Beyond diagnosis, these biomarkers also hinted at responsiveness to existing chemotherapy drugs.

By merging large-scale RNA sequencing with immune profiling and network analysis, the study opens a new path toward more accurate prognostics and tailored treatments for young patients battling neuroblastoma.

Neuroblastoma is the most common solid tumour in infants and accounts for nearly 15% of all paediatric cancer-related deaths.

Despite decades of progress in surgery, chemotherapy, and stem cell therapies, survival for high-risk patients remains under 60%.

Current biomarkers—such as MYCN amplification or ALK mutations—offer limited reach, present only in subsets of patients or requiring complex testing.

These limitations leave a critical gap in effectively predicting disease progression and guiding treatment.

Due to these challenges, there is a pressing need to uncover new, interpretable biomarkers that can improve early risk stratification and drive forward more personalised therapies.

A research team at the Children's Hospital of Chongqing Medical University has unveiled a powerful machine learning framework for identifying prognostic biomarkers in neuroblastoma.

Published in Paediatric Discovery in May 2025, the study leverages bulk and single-cell RNA sequencing data from over 1,200 patients to build a comprehensive prognostic network.

The team's integrative approach not only isolated 11 key gene signatures but also revealed how these genes interact with the tumour microenvironment and drug responses—paving the way for more precise and effective treatment plans in paediatric oncology.

To decipher neuroblastoma's complex genetic architecture, the researchers applied an enhanced version of the stSVM machine learning model to analyse bulk RNA-seq data from 1,207 patients.

This process uncovered 528 genes strongly linked to survival outcomes.

Using weighted gene co-expression network analysis (WGCNA), the team filtered this list to 11 hub genes—AURKA, BLM, BRCA1, BRCA2, CCNA2, CHEK1, E2F1, MAD2L1, PLK1, RAD51, and notably, RFC3.

High expression of RFC3 correlated with poor prognosis and low natural killer (NK) cell activity, hinting at its role in immune evasion.

The study also revealed that tumours with elevated RFC3 expression were more sensitive to vincristine and cyclophosphamide—standard chemotherapy agents.

Further exploration using single-cell RNA sequencing confirmed higher RFC3 expression in epithelial and myeloid cells among short-survival patients, along with reduced T cell infiltration.

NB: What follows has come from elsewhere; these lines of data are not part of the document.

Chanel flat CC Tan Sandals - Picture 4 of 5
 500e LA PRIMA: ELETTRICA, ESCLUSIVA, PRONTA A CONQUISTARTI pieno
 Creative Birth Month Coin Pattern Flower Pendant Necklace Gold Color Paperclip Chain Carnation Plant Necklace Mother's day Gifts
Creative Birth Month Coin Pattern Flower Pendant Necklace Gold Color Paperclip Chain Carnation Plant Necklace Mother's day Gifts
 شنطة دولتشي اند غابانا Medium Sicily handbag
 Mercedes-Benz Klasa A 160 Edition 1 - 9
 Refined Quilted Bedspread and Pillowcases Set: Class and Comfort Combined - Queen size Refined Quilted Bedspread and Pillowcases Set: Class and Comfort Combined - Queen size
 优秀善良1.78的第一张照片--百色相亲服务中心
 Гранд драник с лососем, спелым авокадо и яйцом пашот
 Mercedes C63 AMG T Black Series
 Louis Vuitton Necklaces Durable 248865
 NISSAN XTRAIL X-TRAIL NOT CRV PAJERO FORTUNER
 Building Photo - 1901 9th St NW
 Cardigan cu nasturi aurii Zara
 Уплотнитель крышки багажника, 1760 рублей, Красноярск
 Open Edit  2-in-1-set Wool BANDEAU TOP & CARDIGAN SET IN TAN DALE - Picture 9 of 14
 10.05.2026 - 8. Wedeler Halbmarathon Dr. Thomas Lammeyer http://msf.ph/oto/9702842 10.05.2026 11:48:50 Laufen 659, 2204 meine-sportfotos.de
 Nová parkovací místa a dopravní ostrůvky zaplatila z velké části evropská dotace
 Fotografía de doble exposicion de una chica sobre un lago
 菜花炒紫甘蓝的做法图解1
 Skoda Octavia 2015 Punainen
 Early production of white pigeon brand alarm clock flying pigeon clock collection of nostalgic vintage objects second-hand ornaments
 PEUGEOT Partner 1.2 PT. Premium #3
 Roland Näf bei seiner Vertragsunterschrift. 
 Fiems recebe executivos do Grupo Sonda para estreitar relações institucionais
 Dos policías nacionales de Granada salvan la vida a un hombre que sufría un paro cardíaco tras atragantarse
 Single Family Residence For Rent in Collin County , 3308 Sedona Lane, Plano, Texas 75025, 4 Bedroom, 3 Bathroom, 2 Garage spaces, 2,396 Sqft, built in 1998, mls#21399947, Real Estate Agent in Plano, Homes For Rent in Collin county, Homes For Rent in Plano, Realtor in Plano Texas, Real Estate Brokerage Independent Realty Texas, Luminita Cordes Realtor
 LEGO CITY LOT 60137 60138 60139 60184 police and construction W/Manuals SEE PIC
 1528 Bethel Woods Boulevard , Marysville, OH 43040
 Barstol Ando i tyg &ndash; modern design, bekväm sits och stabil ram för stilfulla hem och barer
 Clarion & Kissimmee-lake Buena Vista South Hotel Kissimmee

These multilayered findings not only highlight RFC3 as a novel biomarker but also suggest it may shape the immune landscape and drug response in neuroblastoma.

By combining gene networks, immune signatures, and drug sensitivity profiles, the research offers a rich, systems-level understanding of the disease.

"Our integrative approach offers a more complete picture of neuroblastoma biology," said Dr. Yupeng Cun, senior investigator of the study.

"Identifying RFC3 as a novel prognostic marker is particularly promising—it not only correlates with patient survival but also with response to key chemotherapies. By merging machine learning with multi-omics data, we've uncovered patterns that traditional analyses often miss. These findings could help clinicians better identify high-risk patients and tailor treatments more effectively, ultimately improving outcomes for children facing this devastating disease."

This study lays critical groundwork for advancing precision medicine in paediatric oncology.

The ability to identify prognostic biomarkers like RFC3—and link them to both immune profiles and drug responsiveness—may transform how neuroblastoma is diagnosed and treated.

In the future, clinicians could use RFC3 expression levels to stratify patients, predict therapeutic response, and guide individualised care.

Furthermore, the study's integrative pipeline could be adapted to other aggressive cancers, making it a valuable tool beyond neuroblastoma.

Continued experimental validation and incorporation of additional omics data will be key to translating these insights into clinical applications that improve survival and quality of life for young patients.